Seiko Epson Corporation owns two patents relating to the Epson cartridges, which it manufactures and sells. Once those printer cartridges are sold and used, a third party obtains them and modifies them to be refilled and re-used. The appellants in this case (Calidad) acquired the modified cartridges from the third party and imported them into Australia for sale. The High Court considered whether the modifications made to the Epson printer cartridges to enable their re-use amounted to the making of a new product and infringed Seiko Epson Corporation’s patent rights.
The implied licence doctrine was considered. This doctrine provides that where patented goods are obtained without restriction on their sale or use, the purchaser of the goods has ordinary rights of ownership because the law implies a full licence to use those goods. Seiko Epson Corporation alleged that Calidad infringed the patents because the modifications made to the original Epson cartridges were such as to extinguish any implied licence. Seiko Epson Corporation was successful before the Full Court of the Federal Court, which found that the modifications made to the original Epson cartridges were not authorised by any implied licence. The Full Court found that the modifications to the original Epson cartridges constituted a making of a new embodiment of the invention claimed in the patents, and thus the sale of those modified cartridges was an infringement.

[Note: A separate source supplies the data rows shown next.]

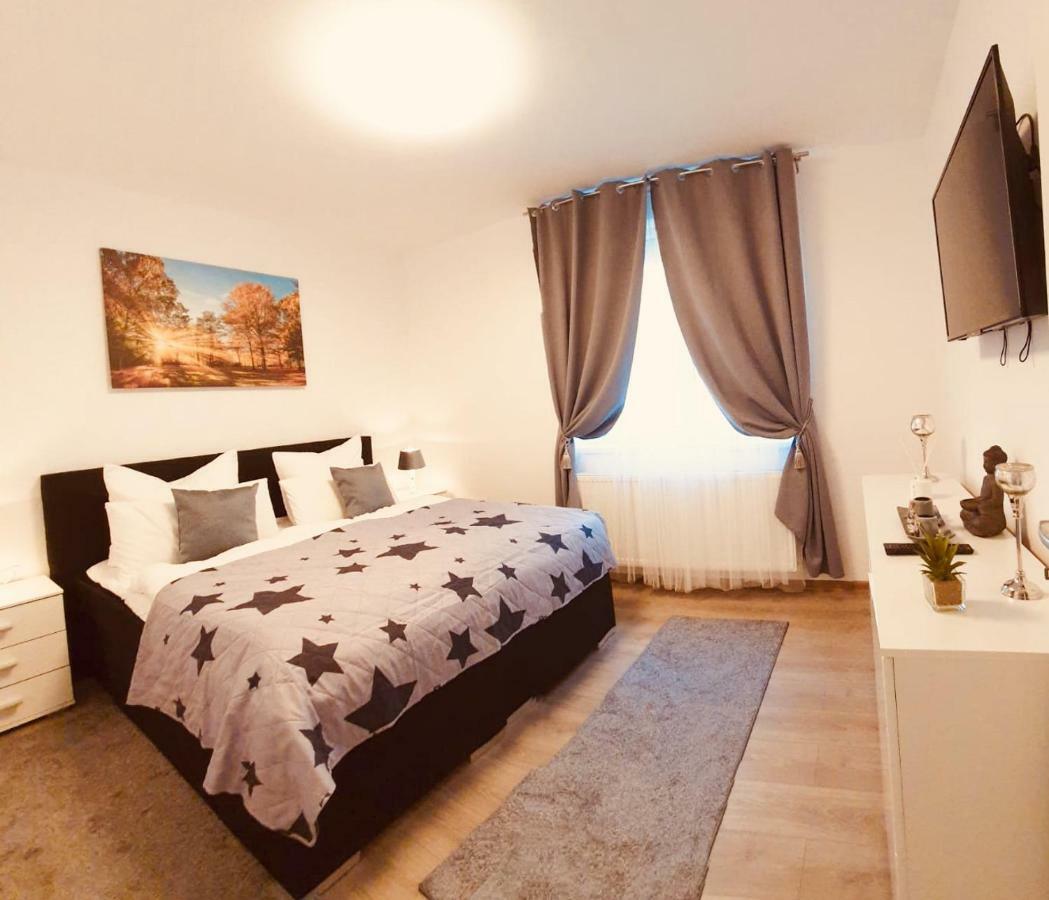 Apartament Comfort Primaverii Rîşnov Exterior foto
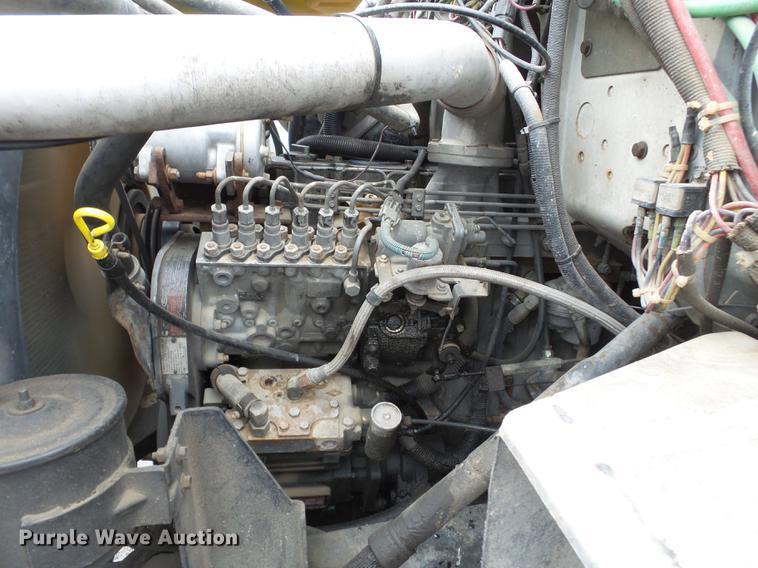 image for item DD2264 1994 Ford L8000 refuse truck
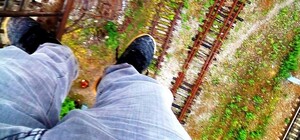 Неудавшийся руфер: 14-летний подросток залез на дымоход старой котельной и застрял на высоте 6 метров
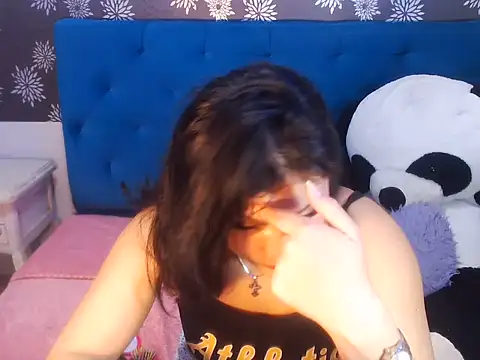 Snapshot of brunne_eva chatting on May 20, 2:51 am brunne eva online show from May 20, 2:51 am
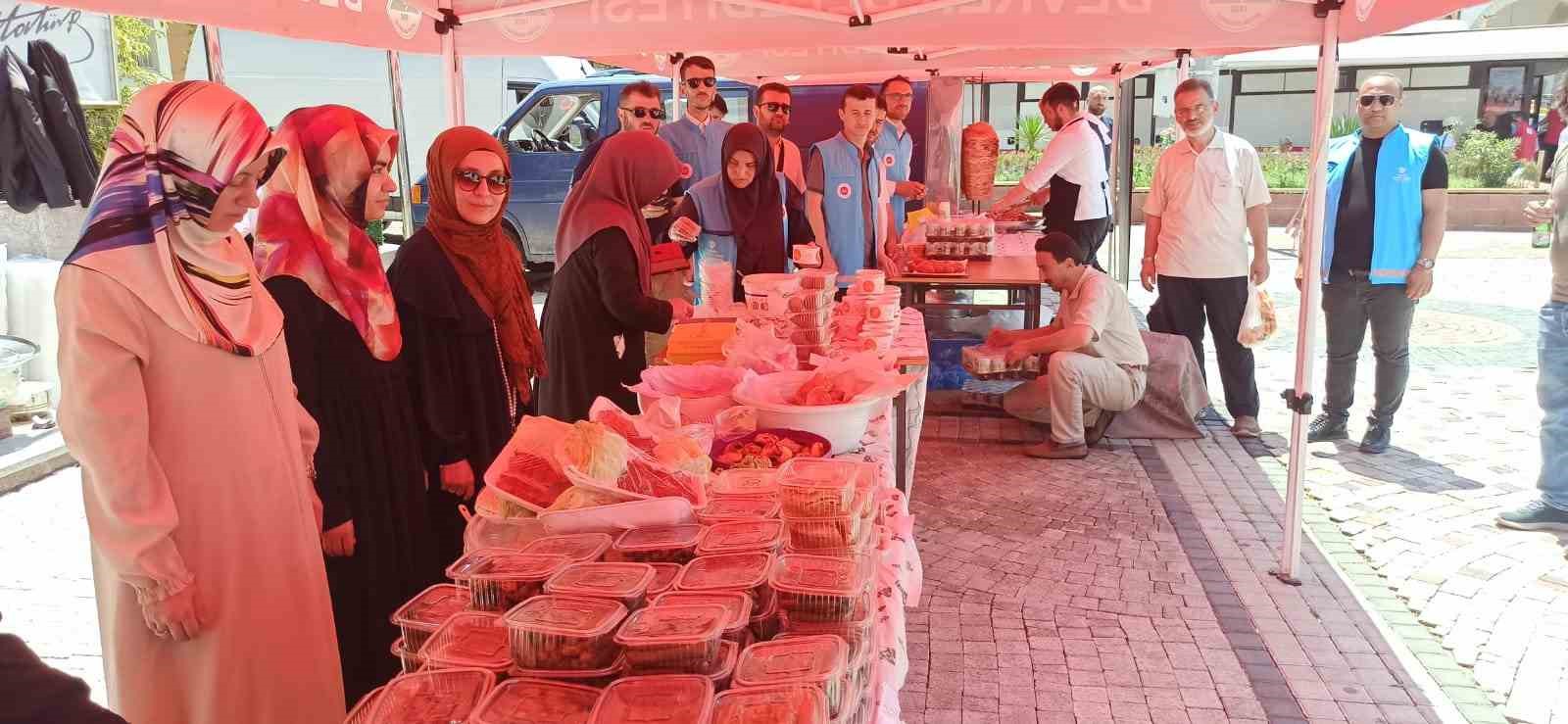 Gençlik Koordinatörlüğünden Hayır Çarşısı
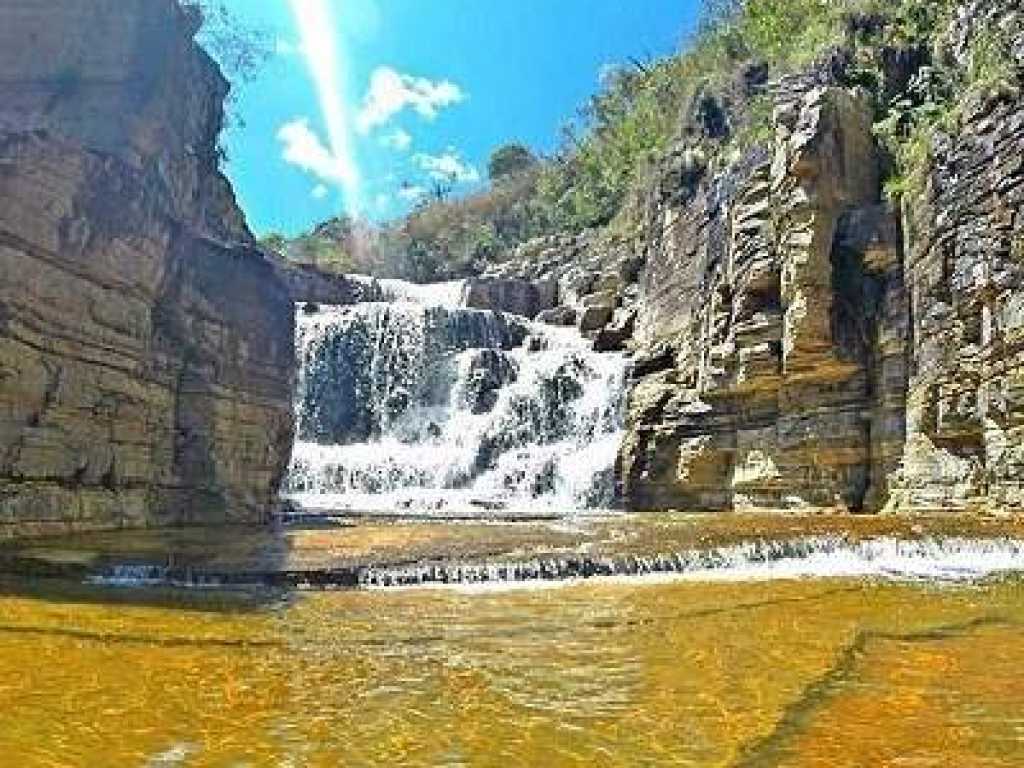 Passeio de Lancha em Capitólio com saída de Escarpas do Lago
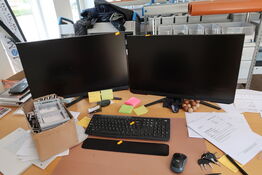 2 stk. computerskærme SAMSUNG S27AG304NU med tastatur, mus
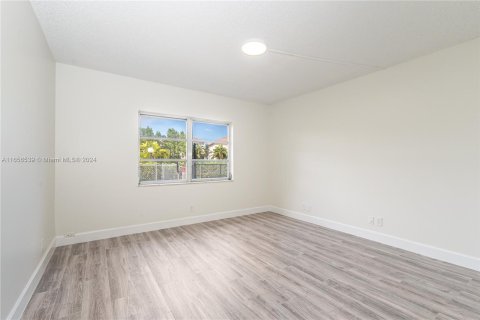 Copropriété à louer à Coral Springs, Floride: 2 chambres, 97.92 m2 № 1358598 - photo 16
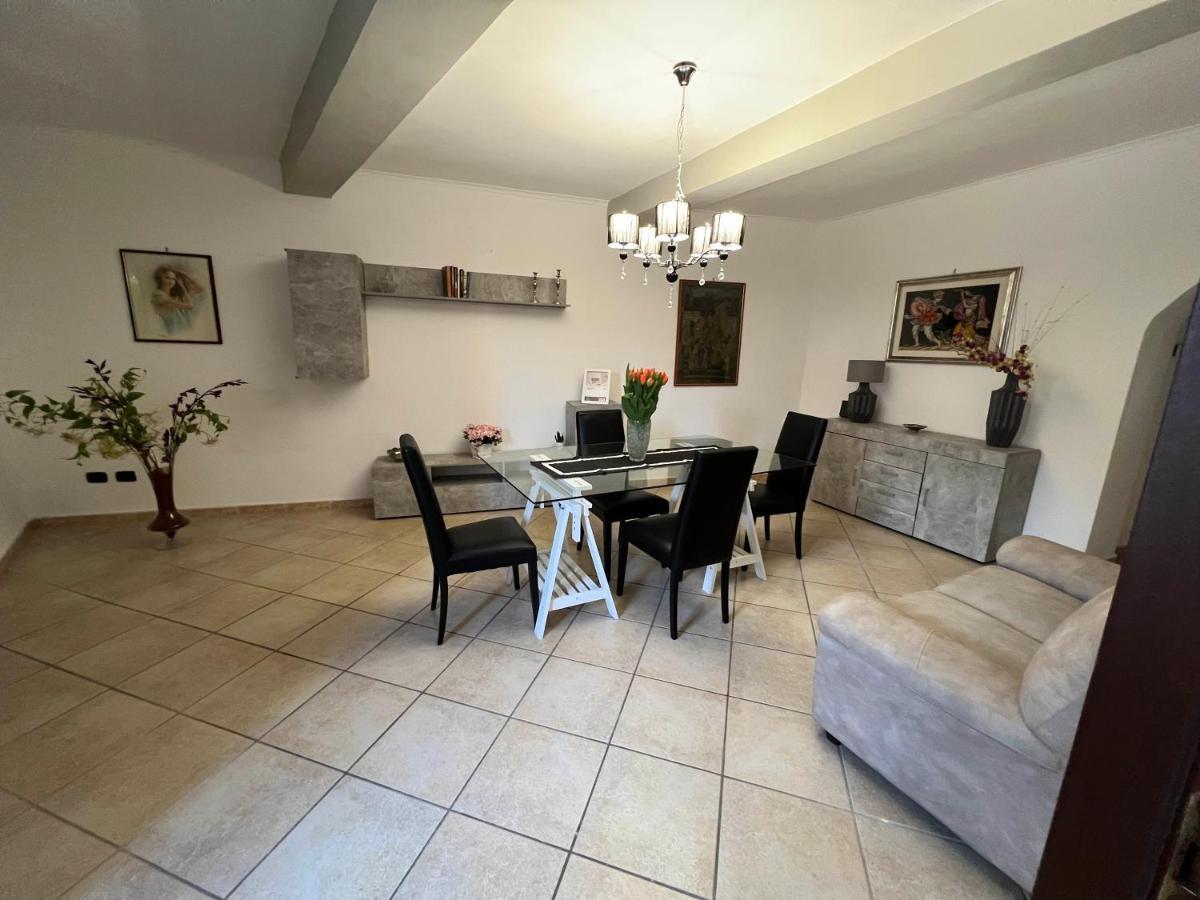 La Rocchetta Villa Sutri Bagian luar foto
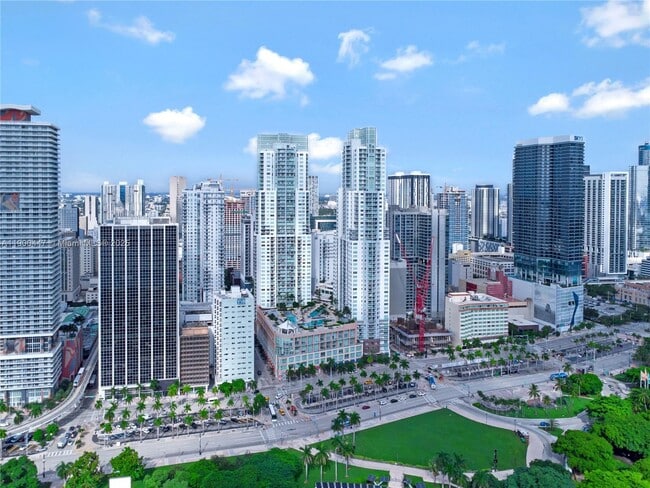 Building Photo - 253 NE 2nd St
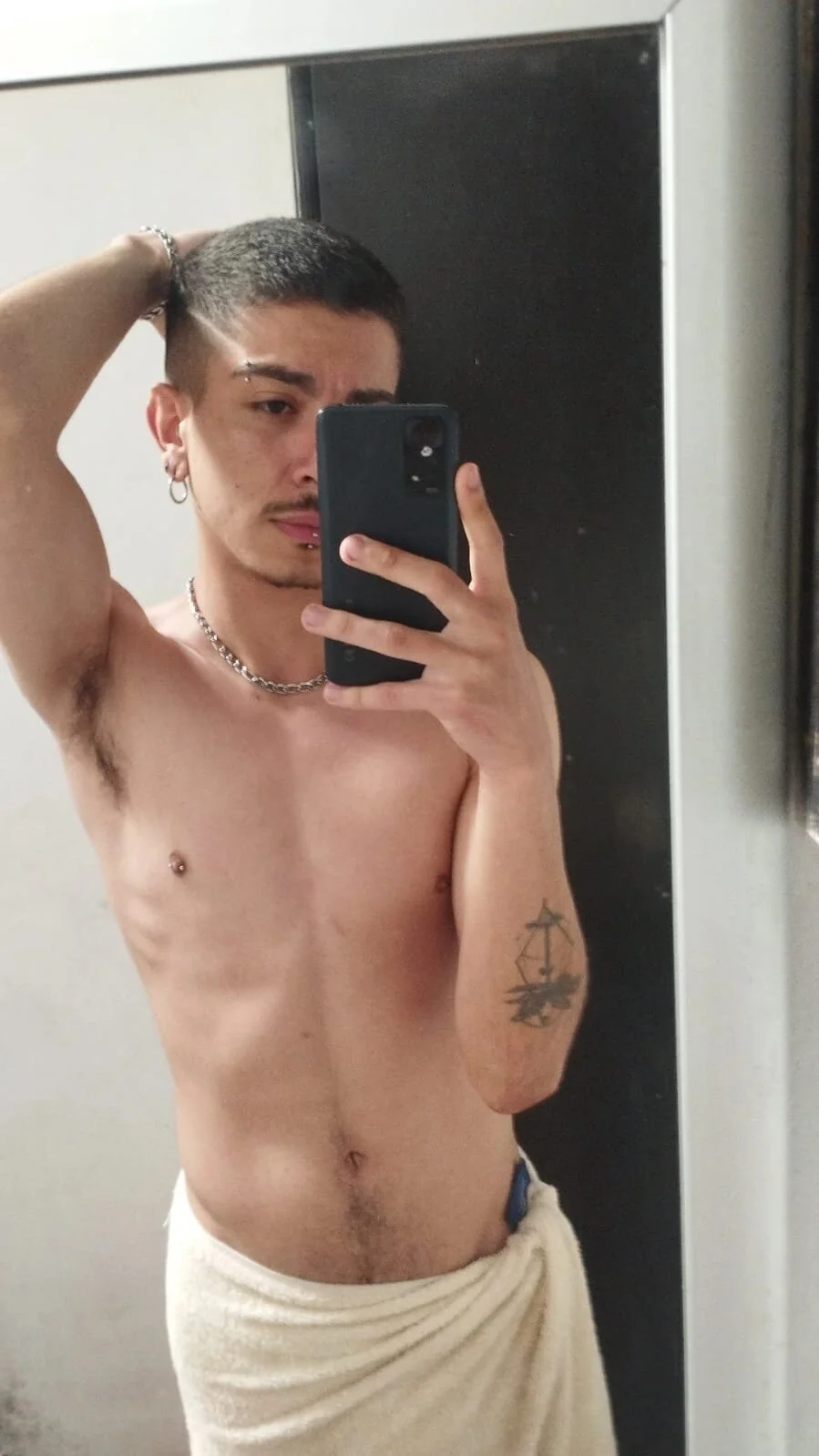 XXX Porn Photo of Nude Y0urgodzeus 9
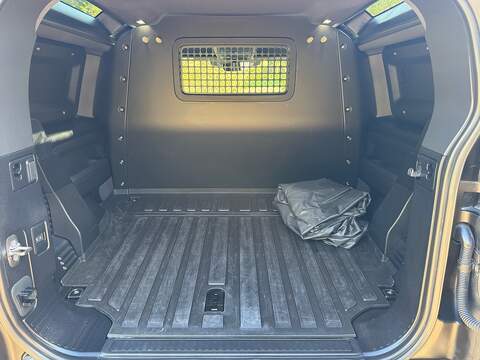 Land Rover Defender 90 3.0 D250 MHEV S Hard Top SUV 3dr Diesel Auto 4WD SWB Euro 6 (s/s) (250 ps) - U10004512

Calidad appealed to the High Court where the decision was overturned. The High Court considered that the patentee’s rights are exhausted upon the first sale of that product. It found that the modifications to the original Epson cartridges did not amount to an impermissible making of a new product, and that the refilled and restored cartridges were merely modified versions of the products sold by Seiko Epson Corporation. Such modifications were found to be within the scope of the rights of the owner of the cartridges to prolong their life and make them more useful, and were thus not an infringement of the patents.